Im März 1964 veröffentlicht das Label Verve ein Meisterwerk des Amerikaners Stan Getz und des kürzlich verstorbenen Brasilianers João Gilberto, der den Bossa-Nova in allen Ecken der Welt populär macht und die Karriere des Saxophonisten in Schwung bringt. Die Platte ist bis heute der Gipfel der Fusion zwischen Jazz und brasilianischer Musik.

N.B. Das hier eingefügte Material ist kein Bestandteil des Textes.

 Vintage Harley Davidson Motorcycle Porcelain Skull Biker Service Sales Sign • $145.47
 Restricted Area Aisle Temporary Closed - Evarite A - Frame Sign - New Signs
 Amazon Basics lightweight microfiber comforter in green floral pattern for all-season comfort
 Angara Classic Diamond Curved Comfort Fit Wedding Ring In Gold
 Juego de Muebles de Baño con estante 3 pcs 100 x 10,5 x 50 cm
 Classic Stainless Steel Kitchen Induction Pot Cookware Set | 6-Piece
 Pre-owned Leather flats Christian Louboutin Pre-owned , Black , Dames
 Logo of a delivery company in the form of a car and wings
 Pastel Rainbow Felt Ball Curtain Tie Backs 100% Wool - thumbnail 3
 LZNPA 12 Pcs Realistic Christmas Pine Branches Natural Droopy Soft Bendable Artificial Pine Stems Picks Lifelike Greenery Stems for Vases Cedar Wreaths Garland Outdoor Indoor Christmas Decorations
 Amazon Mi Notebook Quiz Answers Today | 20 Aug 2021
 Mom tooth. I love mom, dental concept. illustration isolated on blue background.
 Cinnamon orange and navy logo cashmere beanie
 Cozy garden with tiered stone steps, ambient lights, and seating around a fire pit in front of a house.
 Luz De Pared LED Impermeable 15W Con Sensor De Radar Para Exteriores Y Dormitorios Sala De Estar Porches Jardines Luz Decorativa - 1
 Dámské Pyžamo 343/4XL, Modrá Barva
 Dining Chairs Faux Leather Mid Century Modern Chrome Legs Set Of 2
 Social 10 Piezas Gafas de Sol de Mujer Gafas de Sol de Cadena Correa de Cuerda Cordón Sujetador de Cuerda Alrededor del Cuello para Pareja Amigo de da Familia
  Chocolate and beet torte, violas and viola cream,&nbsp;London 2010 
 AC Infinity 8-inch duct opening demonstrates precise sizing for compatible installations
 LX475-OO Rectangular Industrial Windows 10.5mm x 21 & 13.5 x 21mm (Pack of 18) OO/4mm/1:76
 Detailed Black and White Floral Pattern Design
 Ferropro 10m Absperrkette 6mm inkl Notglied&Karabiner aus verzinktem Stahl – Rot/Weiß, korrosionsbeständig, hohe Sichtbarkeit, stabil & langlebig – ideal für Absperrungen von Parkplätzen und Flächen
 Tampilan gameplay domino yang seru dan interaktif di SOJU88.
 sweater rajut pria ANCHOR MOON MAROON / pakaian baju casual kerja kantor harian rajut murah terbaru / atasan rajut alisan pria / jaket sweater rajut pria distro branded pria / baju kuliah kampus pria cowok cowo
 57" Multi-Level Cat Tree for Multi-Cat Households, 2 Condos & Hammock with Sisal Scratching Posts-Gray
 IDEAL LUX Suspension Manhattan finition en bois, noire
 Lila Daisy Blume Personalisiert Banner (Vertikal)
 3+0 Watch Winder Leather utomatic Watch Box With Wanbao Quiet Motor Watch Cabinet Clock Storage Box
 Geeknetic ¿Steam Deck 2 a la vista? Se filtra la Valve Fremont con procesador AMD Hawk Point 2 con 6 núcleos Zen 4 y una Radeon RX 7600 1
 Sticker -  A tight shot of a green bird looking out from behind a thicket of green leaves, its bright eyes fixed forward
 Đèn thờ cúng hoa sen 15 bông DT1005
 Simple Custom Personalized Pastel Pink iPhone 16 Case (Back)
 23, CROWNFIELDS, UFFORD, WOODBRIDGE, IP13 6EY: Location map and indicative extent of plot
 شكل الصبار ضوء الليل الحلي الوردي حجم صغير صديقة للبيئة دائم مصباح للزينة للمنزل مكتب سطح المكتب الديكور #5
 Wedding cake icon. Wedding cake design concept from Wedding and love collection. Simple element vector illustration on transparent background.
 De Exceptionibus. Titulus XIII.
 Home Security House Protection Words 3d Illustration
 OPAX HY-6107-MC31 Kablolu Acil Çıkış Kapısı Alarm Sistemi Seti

Im Jahre 1962 zählt Stan Getz zu den größten Tenor-Saxophonisten seiner Generation, ist 35 Jahre alt, hat um die vierzig Alben zu verzeichnen und eine strahlende Erfolgsbilanz vorzuweisen. Trotzdem scheint er sich von seinem goldenen Zeitalter in kleinen Schritten zu entfernen. Am 13. Februar weiß er noch nicht, dass die Platte, die er gerade in Washington eingespielt hatte, den Kurs seiner Karriere lenken sollte und die Welt des Jazz für immer retten würde. Jazz Samba, gemeinsam mit dem Gitarristen Charlie Byrd komponiert und von den Kontrabassisten Keter Betts und Joe Byrd (Bruder von Charlie) sowie den Schlagzeugern Buddy Deppenschmidt und Bill Reichenbach begleitet, landet ab April in den Verkaufsregalen, an der Spitze der Pop-Charts im September und verlockt zahlreiche Jazzmen wie Sonny Rollins und Coleman Hawkins sich ebenfalls dieser Fusion von Jazz und brasilianischer Musik zu widmen, allen voran dem Bossa-Nova und dem Samba. Wie aber hatte Getz, Star des West Coast Jazz der 50er Jahre, die Idee, die “Blue Note” mit diesen südamerikanischen Klängen zu würzen?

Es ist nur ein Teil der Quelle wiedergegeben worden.